Aids: the pandemic is officially in decline

UN and World Health Organisation hail steep fall in number of new HIV infections

The HIV pandemic which started 28 years ago is officially in decline, two of the world's leading health organisations said yesterday.

The number of new HIV infections peaked in the mid-1990s and has since declined by almost a third, according to the annual update on the pandemic for 2009, published yesterday by the Joint United Nations programme on HIV/Aids (UNAids) and the World Health Organisation.

It is the first time that UNAids and the WHO have confirmed that the pandemic is on a downward trend and represents a landmark in the history of the disease. In their 2008 report, they said suggestions the epidemic had peaked were "speculation" and that it was "difficult to predict the epidemic's future course".

That report warned: "The HIV epidemic has repeatedly defied predictions... HIV is likely to have additional surprises in store that the world must be prepared to address."

But the 2009 update throws scientific caution to the winds and instead states clearly that the pandemic has passed its zenith: "The latest epidemiological data indicate that globally the spread of HIV appears to have peaked in 1996 when 3.5 million new infections occurred. In 2008 the estimated number of new HIV infections was approximately 30 per cent lower than at the epidemic's peak 12 years earlier."

It says that, in sub-Saharan Africa – the worst-affected region – new infections in 2008 were "approximately 25 per cent lower than at the epidemic's peak in the region in 1995".

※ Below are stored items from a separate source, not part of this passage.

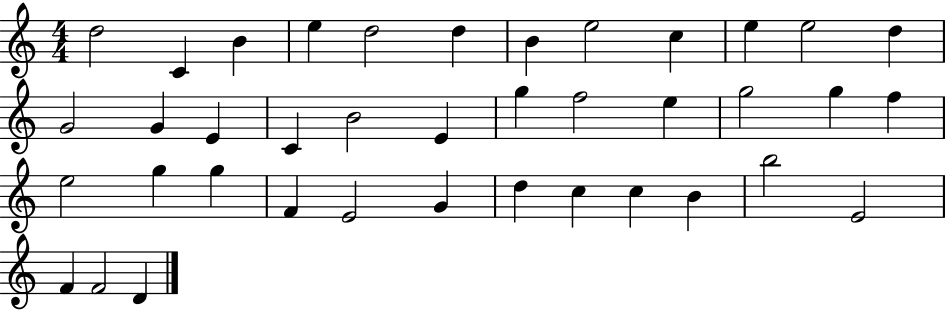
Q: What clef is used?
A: treble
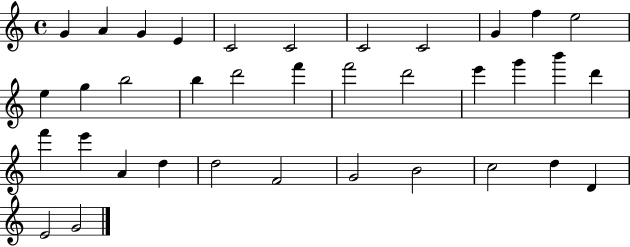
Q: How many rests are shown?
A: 0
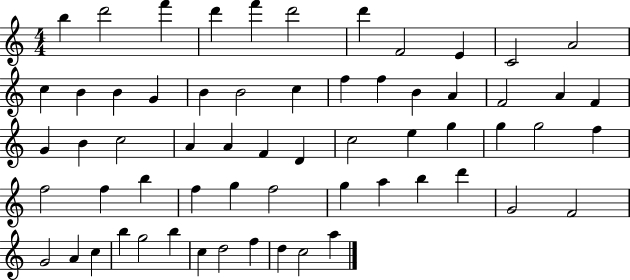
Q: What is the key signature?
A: C major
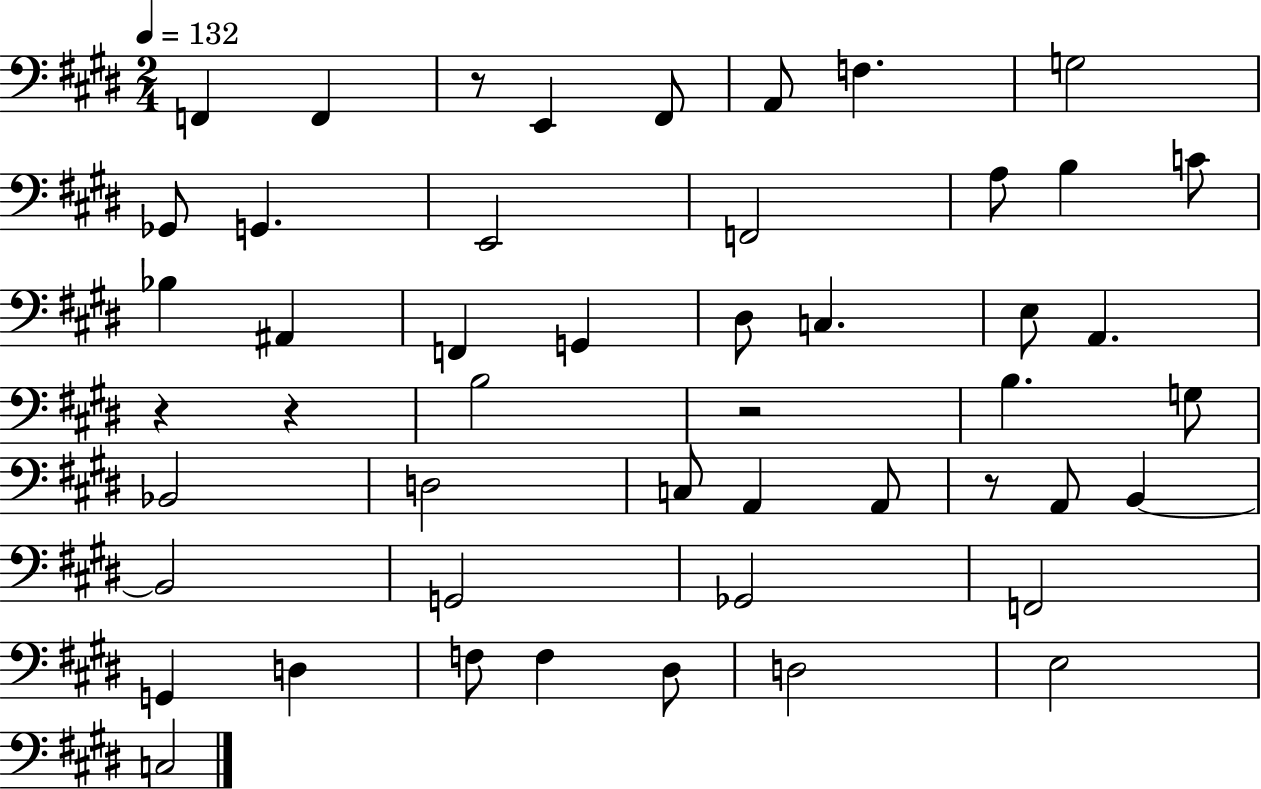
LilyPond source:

{
  \clef bass
  \numericTimeSignature
  \time 2/4
  \key e \major
  \tempo 4 = 132
  f,4 f,4 | r8 e,4 fis,8 | a,8 f4. | g2 | \break ges,8 g,4. | e,2 | f,2 | a8 b4 c'8 | \break bes4 ais,4 | f,4 g,4 | dis8 c4. | e8 a,4. | \break r4 r4 | b2 | r2 | b4. g8 | \break bes,2 | d2 | c8 a,4 a,8 | r8 a,8 b,4~~ | \break b,2 | g,2 | ges,2 | f,2 | \break g,4 d4 | f8 f4 dis8 | d2 | e2 | \break c2 | \bar "|."
}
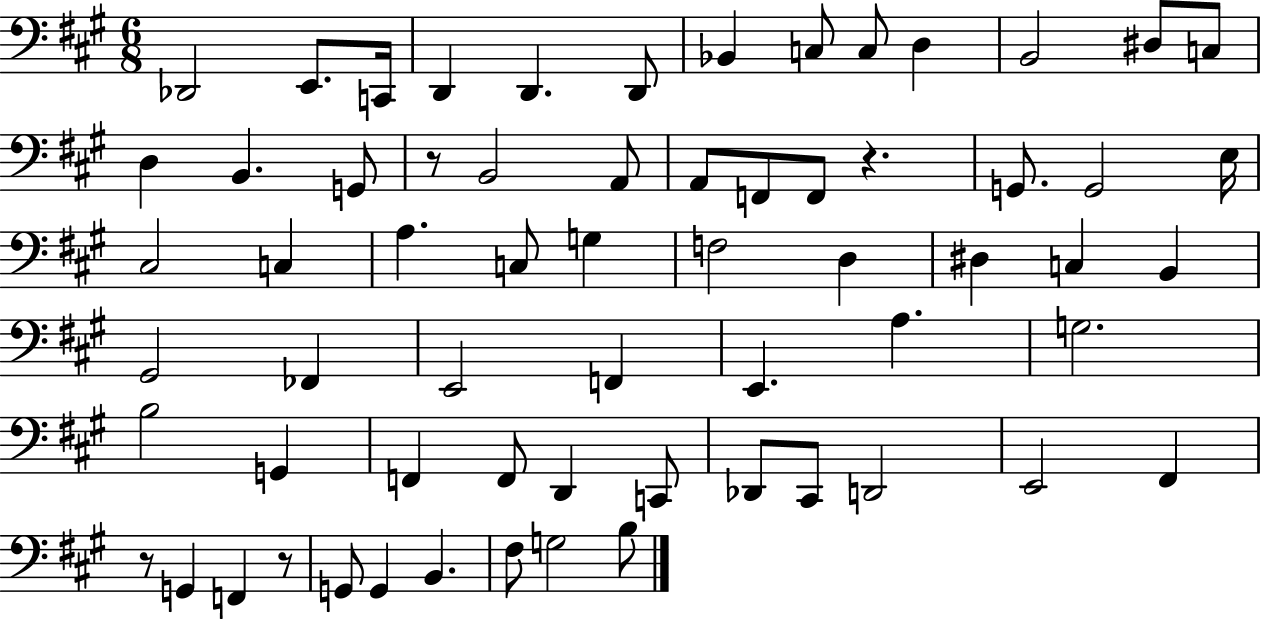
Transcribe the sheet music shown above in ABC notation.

X:1
T:Untitled
M:6/8
L:1/4
K:A
_D,,2 E,,/2 C,,/4 D,, D,, D,,/2 _B,, C,/2 C,/2 D, B,,2 ^D,/2 C,/2 D, B,, G,,/2 z/2 B,,2 A,,/2 A,,/2 F,,/2 F,,/2 z G,,/2 G,,2 E,/4 ^C,2 C, A, C,/2 G, F,2 D, ^D, C, B,, ^G,,2 _F,, E,,2 F,, E,, A, G,2 B,2 G,, F,, F,,/2 D,, C,,/2 _D,,/2 ^C,,/2 D,,2 E,,2 ^F,, z/2 G,, F,, z/2 G,,/2 G,, B,, ^F,/2 G,2 B,/2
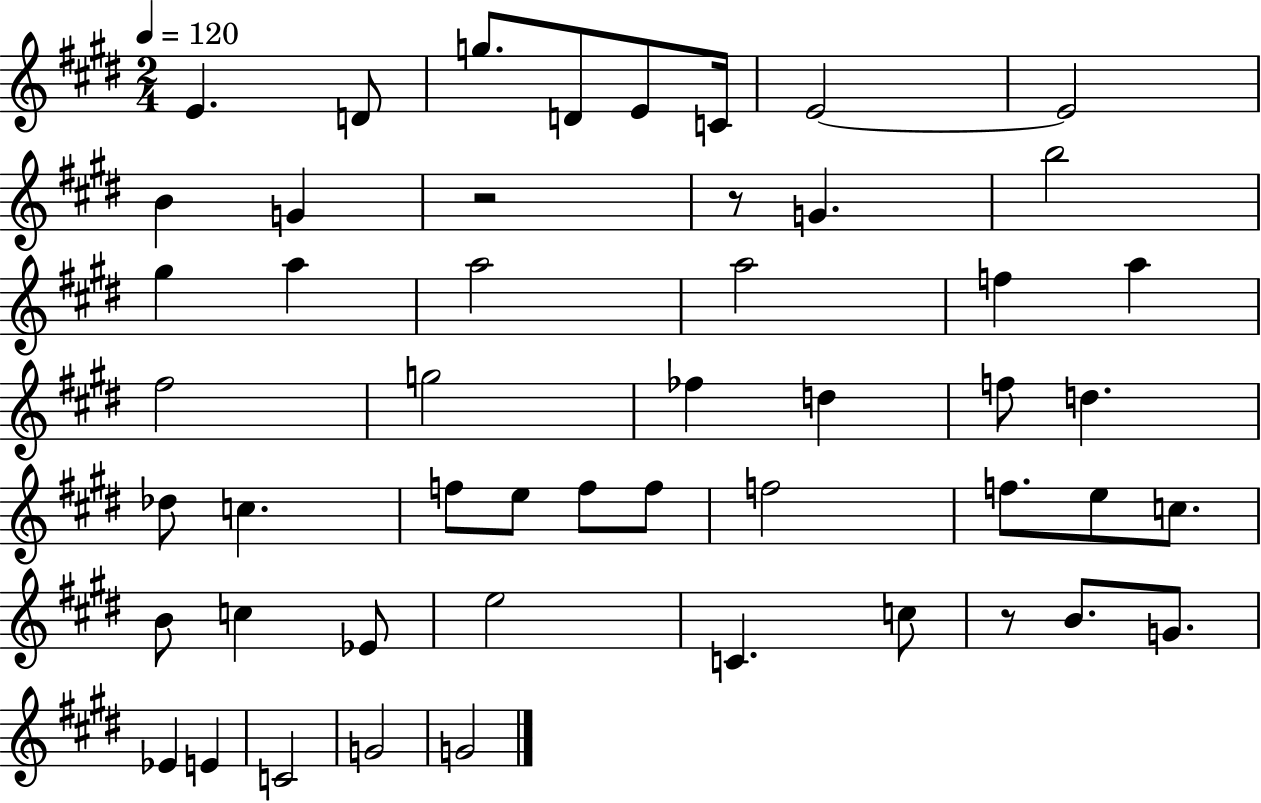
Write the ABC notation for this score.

X:1
T:Untitled
M:2/4
L:1/4
K:E
E D/2 g/2 D/2 E/2 C/4 E2 E2 B G z2 z/2 G b2 ^g a a2 a2 f a ^f2 g2 _f d f/2 d _d/2 c f/2 e/2 f/2 f/2 f2 f/2 e/2 c/2 B/2 c _E/2 e2 C c/2 z/2 B/2 G/2 _E E C2 G2 G2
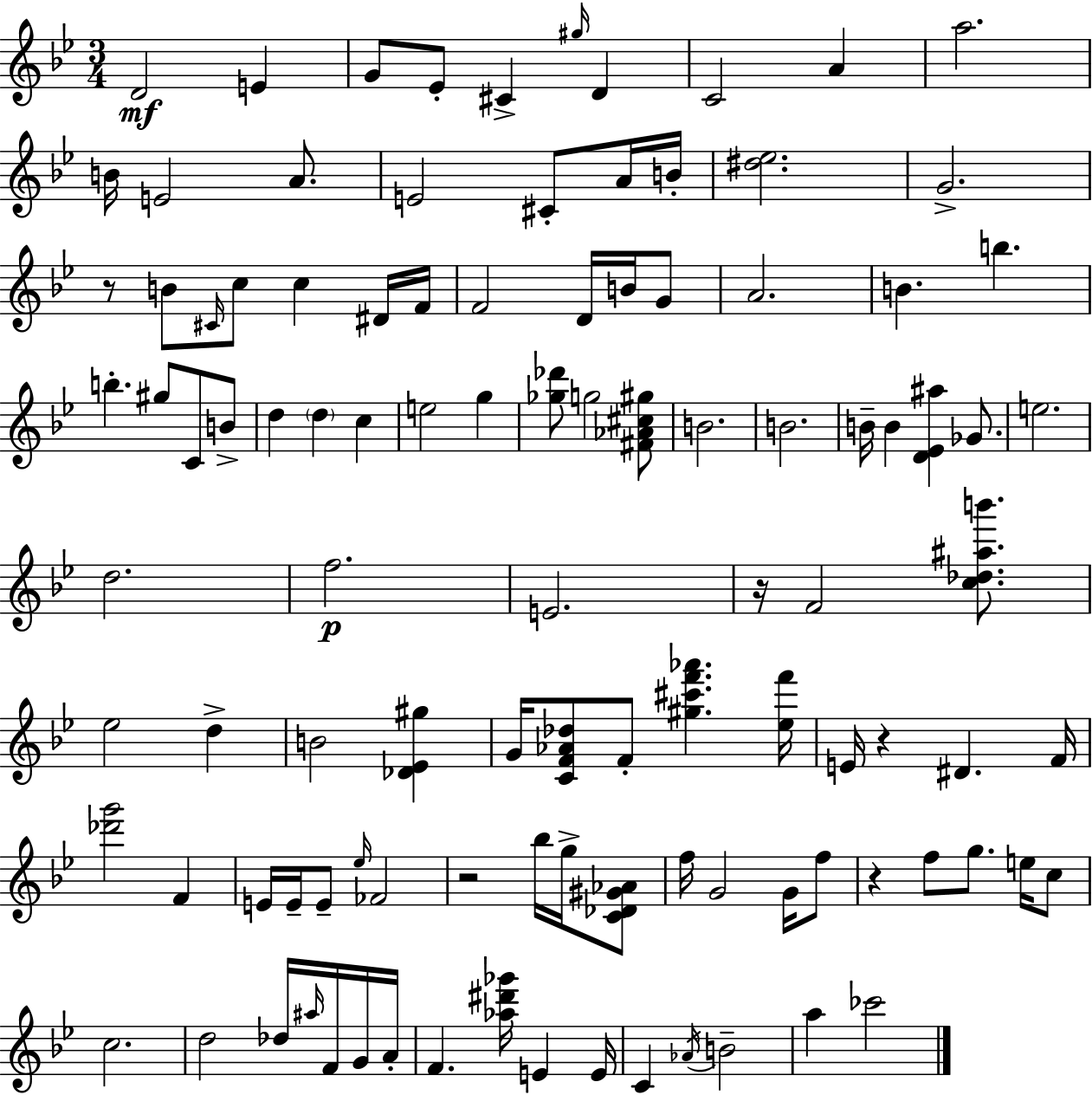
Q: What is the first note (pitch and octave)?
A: D4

It adds: "Asia's epidemic peaked in the mid-1990s and annual HIV incidence has subsequently declined by more than half. Regionally, the epidemic has remained somewhat stable since 2000." The annual report from UNAids and the WHO is the official record of the progress of HIV/Aids, and confirmation that the worst disease of modern times is in decline will be widely welcomed. Two years ago the organisations admitted that they had overestimated the numbers affected and revised the total down from 40 million to 33 million.

Despite the fall in new infections, the number living with HIV increased last year to 33.4 million as people are surviving longer with the roll-out of antiretroviral drug treatment. Greater access to drugs has helped cut the death toll by 10 per cent over the past five years.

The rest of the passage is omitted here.